> Work item
A word-for-word copy of the listing is what's needed; leave out every image.

> Given data
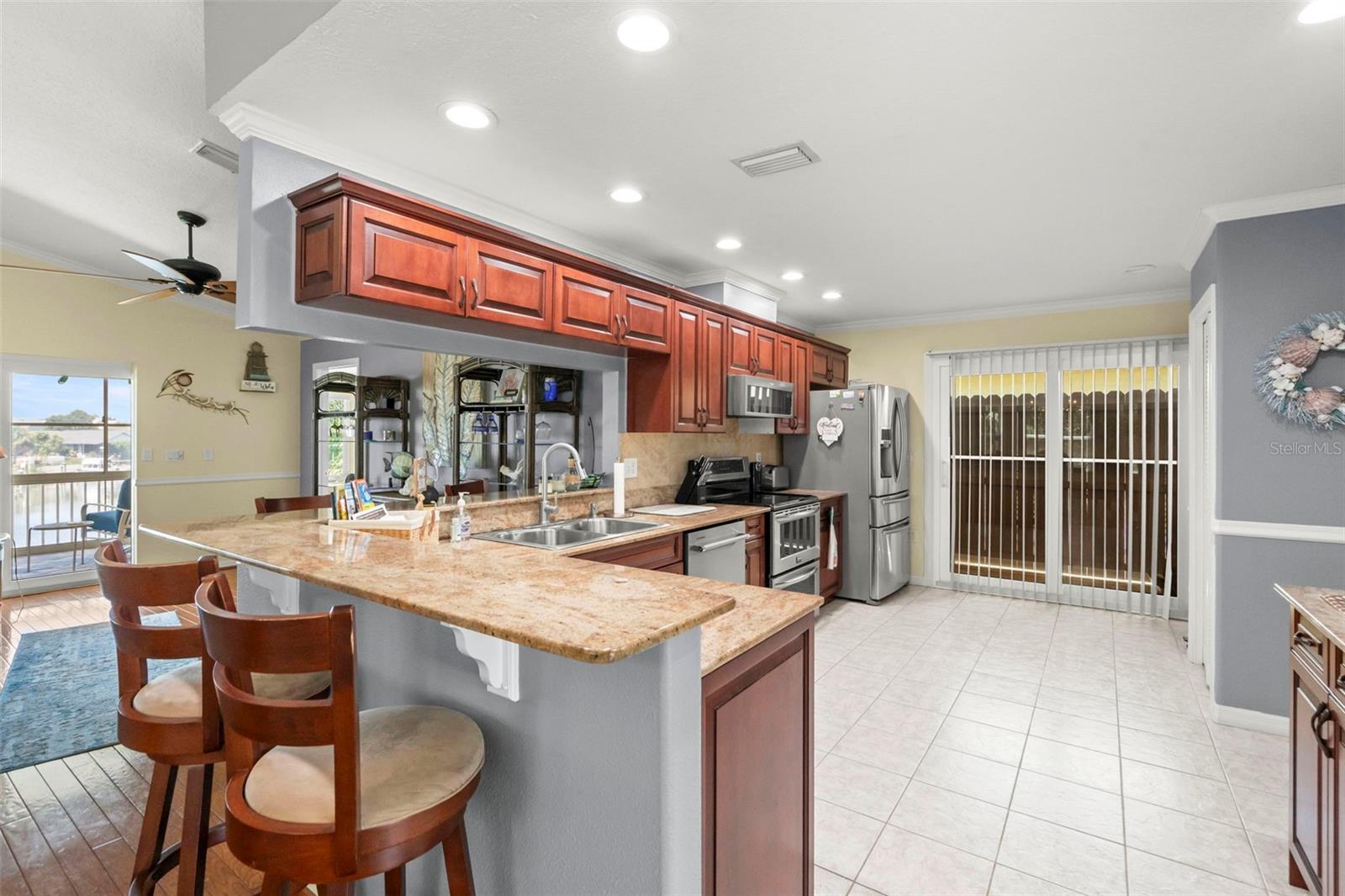 Image 16 of 89 For 6170 Seaside Drive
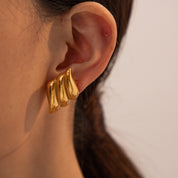 Aretes Flamma Waterproof - Joya en acero inoxidable enchapado en oro 18k - Azzia joyería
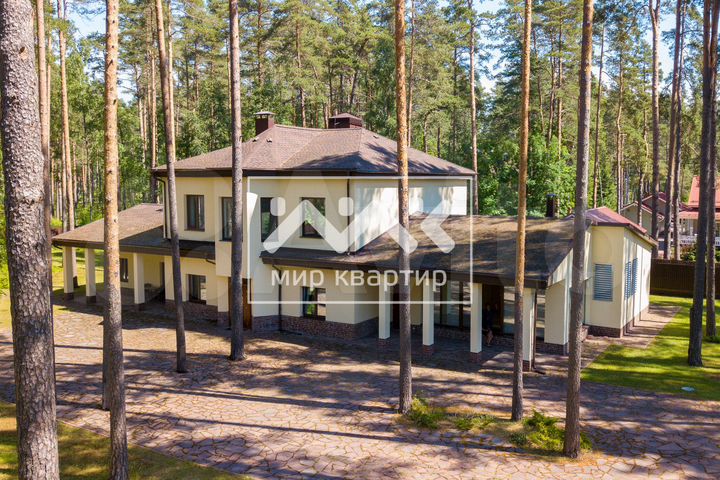 Дом 584,4 м² на участке 56 сот.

> Output below
 Image 16 of 89 For 6170 Seaside Drive
 Aretes Flamma Waterproof - Joya en acero inoxidable enchapado en oro 18k - Azzia joyería
 Дом 584,4 м² на участке 56 сот.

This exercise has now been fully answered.